AIM OF THE EXERCISE: Copy every line of the data below exactly as given, except for the pictures.

GIVEN MATERIAL:
[Start of Attachment]

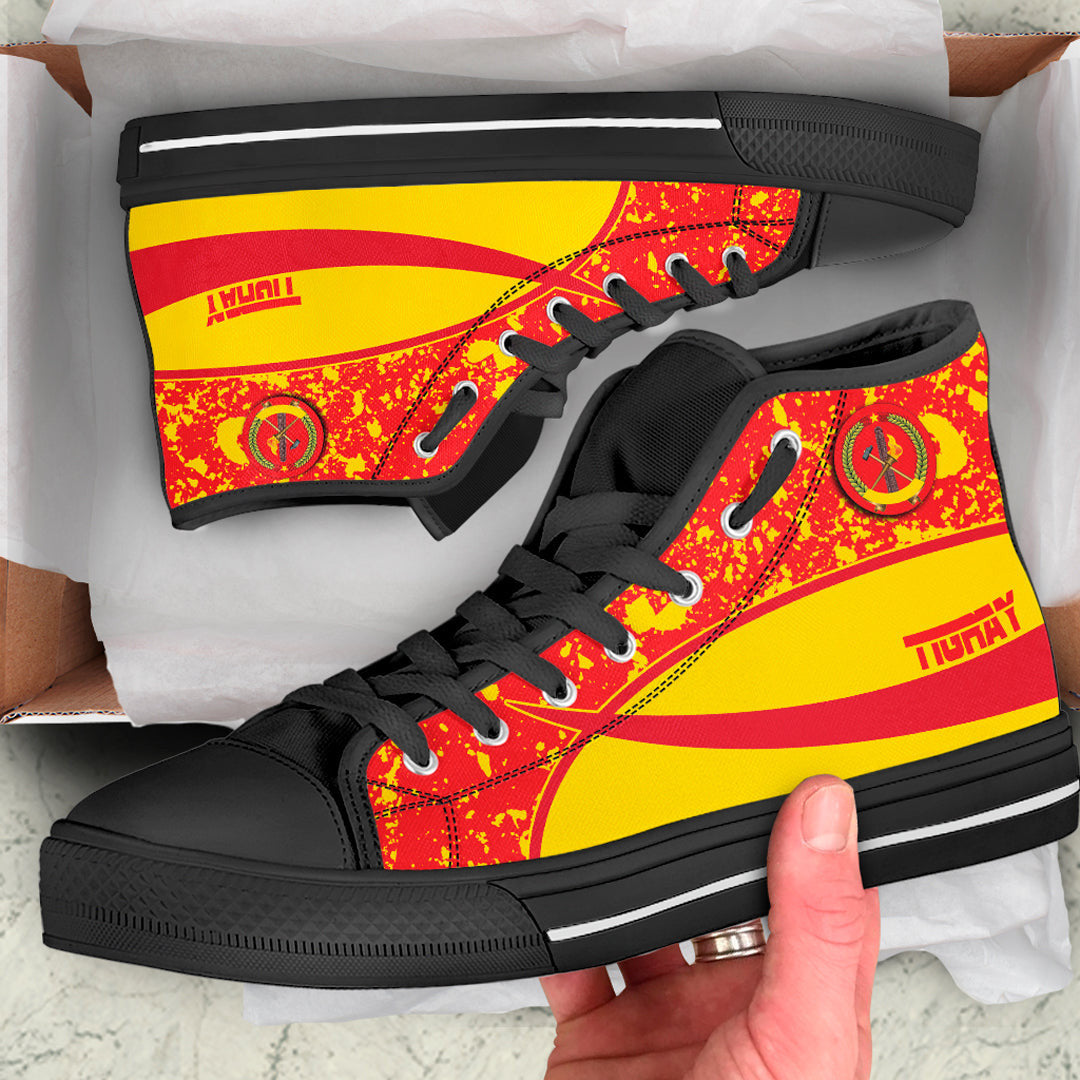Clothing Tigray Special Flag High Top Shoes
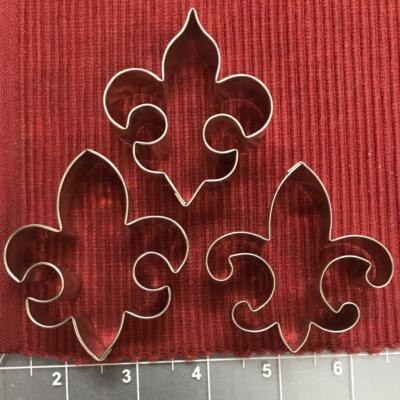 Set of 3 Fleur de Lis Cutters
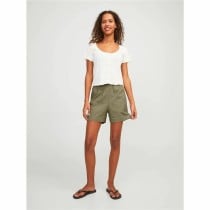 Damen-Sportshorts Jack & Jones grün Leinen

[End of Attachment]

TASK OUTPUT:
Clothing Tigray Special Flag High Top Shoes
 Set of 3 Fleur de Lis Cutters
 Damen-Sportshorts Jack & Jones grün Leinen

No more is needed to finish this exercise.